Wemurafenib został w 2011 r. zarejestrowany w USA, a w lutym 2012 w Europie, jako jedyna spersonalizowana terapia zaawansowanego czerniaka z mutacją genu BRAF. Magdalena Kręczkowska, prezes Fundacji Onkologicznej DUM SPIRO-SPERO, stwierdziła na konferencji na temat czerniaka, że paradoksalnie rejestracja leku w UE zamyka dostęp do jego refundacji w Polsce, podczas gdy np. w Niemczech i w Szwajcarii refundacja jest automatyczna. Przedtem pacjenci byli leczeni w ramach badań klinicznych, następnie w przedrejestracyjnym programie rozszerzonego dostępu. Od lutego br. chorzy leczeni wemurafenibem wpadli w lukę ok. 180 dni oczekiwania na rekomendację Agencji Oceny Technologii Medycznej oraz wydania decyzji refundacyjnej przez MZ i czekają na leczenie.
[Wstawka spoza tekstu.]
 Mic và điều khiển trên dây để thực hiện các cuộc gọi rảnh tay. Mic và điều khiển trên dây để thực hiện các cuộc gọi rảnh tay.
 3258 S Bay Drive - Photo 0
Należy się zatem zastanowić, jak spowodować, by w sytuacji gdy lek ratuje życie, nie ma dla niego alternatywy, nie ma także wątpliwości, że stanowi przełom w leczeniu, można było skrócić do minimum procedurę „szybkiej ścieżki”.
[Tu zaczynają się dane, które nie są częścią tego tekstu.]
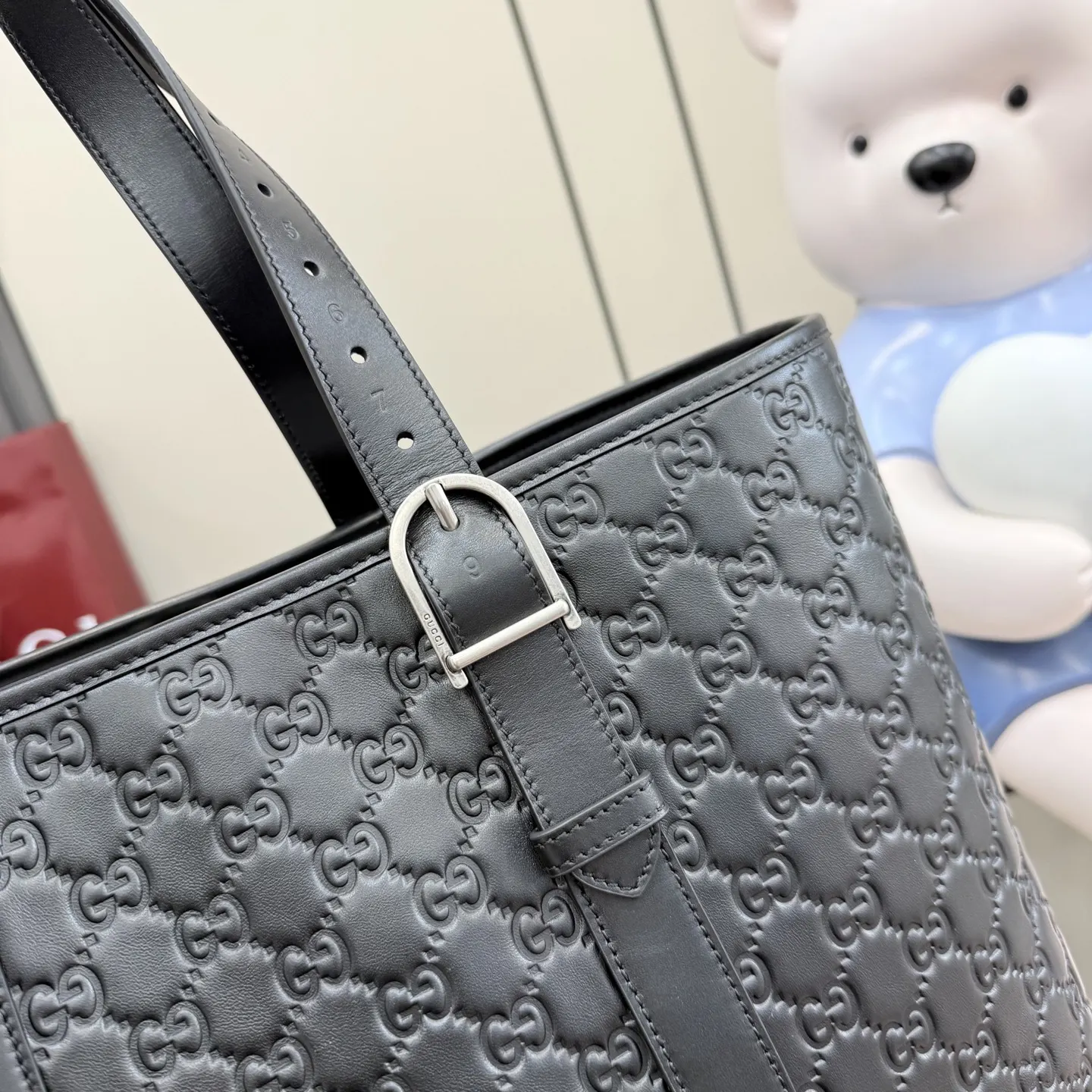 Gucci GG Emblem 黑色 皮革 托特包 大容量托特款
Z informacji przekazanej autorce drogą e-mailową przez Agnieszkę Gołąbek, rzeczniczkę Ministerstwa Zdrowia, wynika, że do resortu wpłynął wniosek od producenta ipilimumabu, w którym znajduje się propozycja programu lekowego. Ponadto producent wemurafenibu (na podstawie art. 31 ustęp 12 ustawy z 12 maja 2011 o refundacji leków, środków spożywczych specjalnego przeznaczenia żywieniowego oraz wyrobów medycznych) zwrócił się do Ministerstwa Zdrowia o wydanie wstępnej opinii dotyczącej projektu programu lekowego. Aktualnie resort ściśle współpracuje z prof. Maciejem Krzakowskim, pełniącym funkcję konsultanta krajowego, a także z prof. Piotrem Rutkowskim, nad ostateczną wersją programów lekowych.